We can fit about 150 bales in here, but, if we had stacked the first load better we could fit more 
You just have to be sure you get the snow off the roof in the winter


----------



## OakHollowRanch (Jun 6, 2013)

We keep up to 12 bales in the corner of our barn.


----------



## KW Farms (Jun 21, 2008)

Good quality tarps. Pallets underneath will help prevent moisture from getting to those bottom bales.


----------



## toth boer goats (Jul 20, 2008)

In a barn and have the hay up on pallets.


----------



## hallsthirdacrefarm (Mar 30, 2011)

used *plastic* snap together mini barns / sheds from craigslist....we wait until we find one for $100-$150, usually about 8 by 12...andt hen put the hay on pallets. We use these as kidding pens too...but we have a small herd. We could probably get 30-50 bales in one depending on size.


----------



## Gunsmith48 (Jan 27, 2013)

This is a picture our shelter after the last storm of the season about the middle of May. It was a little storm only 6-8 inches of the heavy wet stuff. It held up again anything that mother. We had some 70 mph winds during the Spring. The UV is a major problemrmajo


----------



## Gunsmith48 (Jan 27, 2013)

Gunsmith48 said:


> This is a picture our shelter after the last storm of the season about the middle of May. It was a little storm only 6-8 inches of the heavy wet stuff. It held up again anything that mother. We had some 70 mph winds during the Spring. The UV is a major problem to any made of plastic. We live about 7,800 ft above see level, plastic tarps last 3-4 months. We have had ours 2 yrs. have see any beak down of the rubber coating.


----------



## Trickyroo (Sep 26, 2012)

Gunsmith48 said:


> Gunsmith48 said:
> 
> 
> > This is a picture our shelter after the last storm of the season about the middle of May.
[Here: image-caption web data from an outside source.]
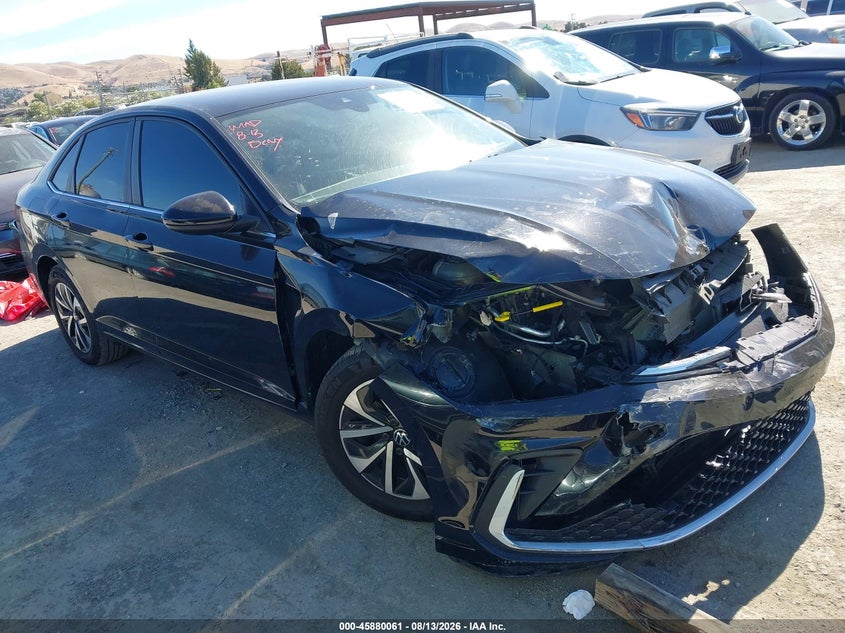 2025 Volkswagen Jetta VIN 3VW5X7BU8SM109118 IAAI salvage auction — FRONT END, Salvage Title, sold $3,850 on 2026-08-30 (photo 1)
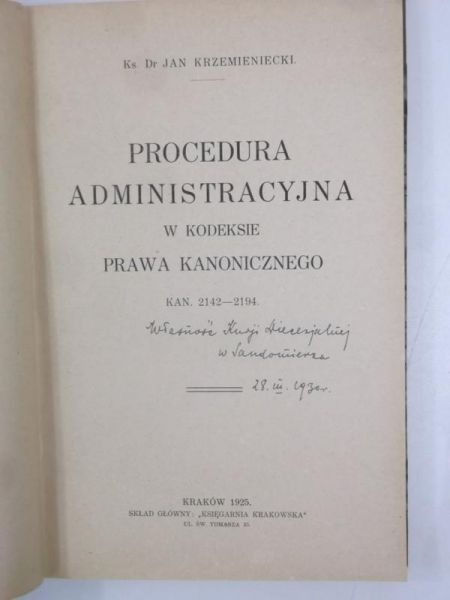 Procedura administracyjna w kodeksie prawa kanonicznego, 1925 r.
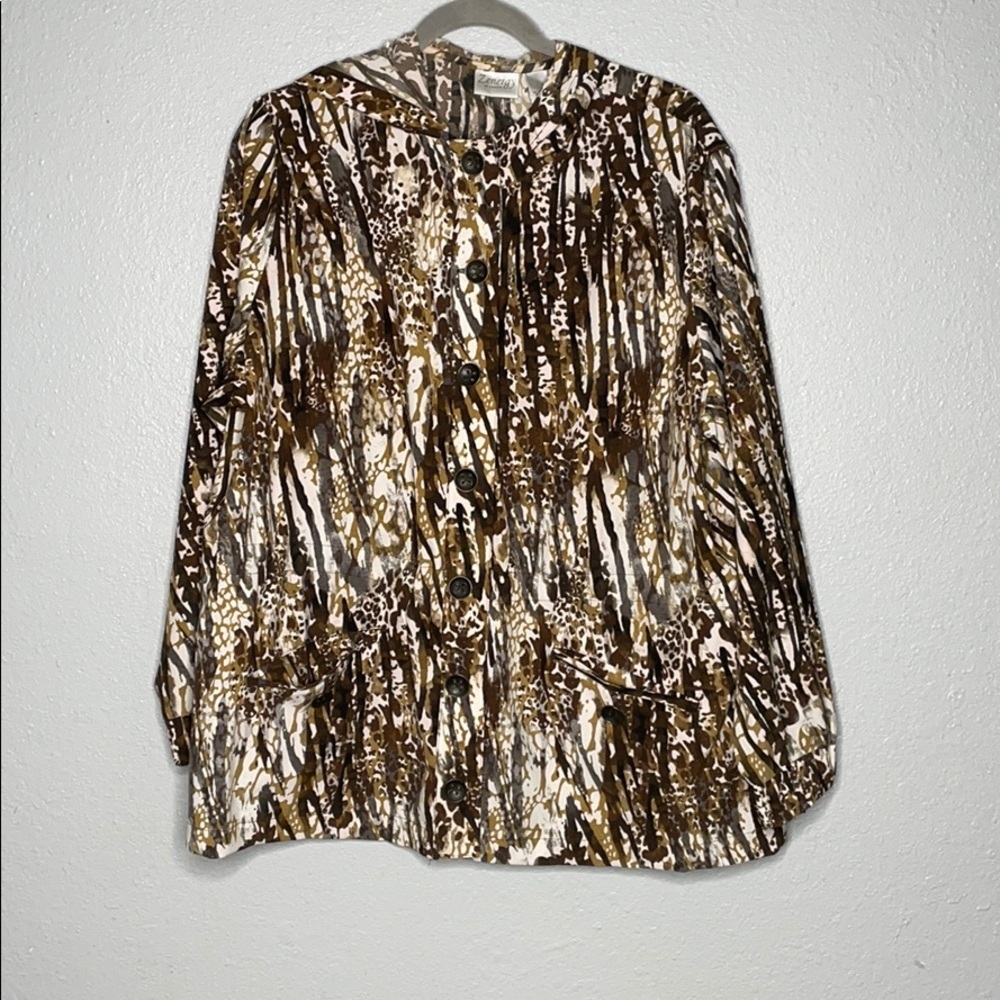 Zenergy by Chico's Animal Print‎ Hood Jacket sz 3 (XL)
It was a little storm only 6-8 inches of the heavy wet stuff. It held up again anything that mother. We had some 70 mph winds during the Spring. The UV is a major problem to any made of plastic. We live about 7,800 ft above see level, plastic tarps last 3-4 months. We have had ours 2 yrs. have see any beak down of the rubber coating.
> ...


----------



## NyGoatMom (Jan 26, 2013)

We keep 30 bales in a corner of the garage on pallets


----------